Researchers examined data on 144 patients diagnosed with B cell malignancies, including 93 individuals treated with ibrutinib and 51 treated with conventional chemotherapy. At baseline, a majority of patients on ibrutinib (63.4%) and on chemotherapy (66.7%) had hypertension, defined as blood pressure of at least 130/80 mmHg or use of antihypertensive medication.
One month after treatment initiation, the proportion of patients with hypertension climbed to 72% in the ibrutinib group and decreased to 54.9% in the chemotherapy group. In addition, significantly more patients on ibrutinib (36.6%) than on chemotherapy (7.9%) experienced an increase in systolic blood pressure of more than 10 mmHg at one month compared to baseline, according to the results published in Heart.
"It is essential for cardiologists and oncologists to be aware of this side effect since uncontrolled hypertension can lead to various life threatening consequences including heart attack or stroke," said senior study author Dr. Michael Fradley, medical director of the Penn Cardio-Oncology Program at the Perelman School of Medicine at the University of Pennsylvania in Philadelphia.
"Vigilant monitoring and treatment of ibrutinib associated hypertension is essential to allow patients to continue taking a potentially life-saving medication while preventing the long-term harm that can be associated with blood pressure elevations," Dr. Fradley said by email.
The study results suggest that there is room for improvement in monitoring and treating hypertension among patients on ibrutinib.
Among patients on ibrutinib with hypertension, only 38.8% either initiated treatment with antihypertensive medication or had medication changes in response to increasing blood pressure. But the majority (61.2%) of people on ibrutinib who had hypertension didn't start antihypertensive medication or change their treatment in response to worsening blood pressure.

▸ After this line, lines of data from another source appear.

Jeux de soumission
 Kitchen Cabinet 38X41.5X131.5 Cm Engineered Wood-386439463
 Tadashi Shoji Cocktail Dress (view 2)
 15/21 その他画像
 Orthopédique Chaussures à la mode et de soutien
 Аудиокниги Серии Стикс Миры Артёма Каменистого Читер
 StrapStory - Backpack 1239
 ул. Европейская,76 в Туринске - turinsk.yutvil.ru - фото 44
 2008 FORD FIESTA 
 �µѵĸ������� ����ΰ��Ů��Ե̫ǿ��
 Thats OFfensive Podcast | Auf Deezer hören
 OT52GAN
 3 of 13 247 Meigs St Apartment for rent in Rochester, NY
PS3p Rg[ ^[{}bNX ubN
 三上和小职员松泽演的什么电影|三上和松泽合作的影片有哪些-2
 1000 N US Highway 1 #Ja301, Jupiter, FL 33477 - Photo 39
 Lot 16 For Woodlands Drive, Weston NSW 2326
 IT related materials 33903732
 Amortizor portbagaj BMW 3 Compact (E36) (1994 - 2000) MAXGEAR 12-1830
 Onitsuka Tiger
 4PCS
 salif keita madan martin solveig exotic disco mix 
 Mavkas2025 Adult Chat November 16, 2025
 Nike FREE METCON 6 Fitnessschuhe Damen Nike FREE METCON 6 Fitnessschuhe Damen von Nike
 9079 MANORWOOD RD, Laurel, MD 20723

Just 52.9% of patients on ibrutinib who experienced at least a 20 mmHg increase in systolic blood pressure initiated or changed antihypertensive medication as a result.
One limitation of the single-center study is that results may not be generalizable to outcomes elsewhere, the authors point out. The study also wasn't designed to assess the effectiveness of different antihypertensive medications or examine adverse cardiac events.
While the study didn't examine possible mechanisms for the potential cardiotoxicity of ibrutinib, it's possible that off-target downregulation of the VEGF pathway plays a role, the authors note.
"Ibrutinib appears to act on a broad number of receptors which have been linked with high blood pressure," said Dr. Daniel Addison, co-director of the cardio-oncology program at the Ohio State University Comprehensive Cancer Center in Columbus.
"We have seen similar findings with high rates of new and significant hypertension with Ibrutinib, and other BTK inhibitors," Dr. Addison, who wasn't involved in the study, said by email.
Results from the current study underscore that clinicians should be vigilant for increased blood pressure in patients treated with ibrutinib, particularly in the first month after treatment initiation, Dr. Addison said.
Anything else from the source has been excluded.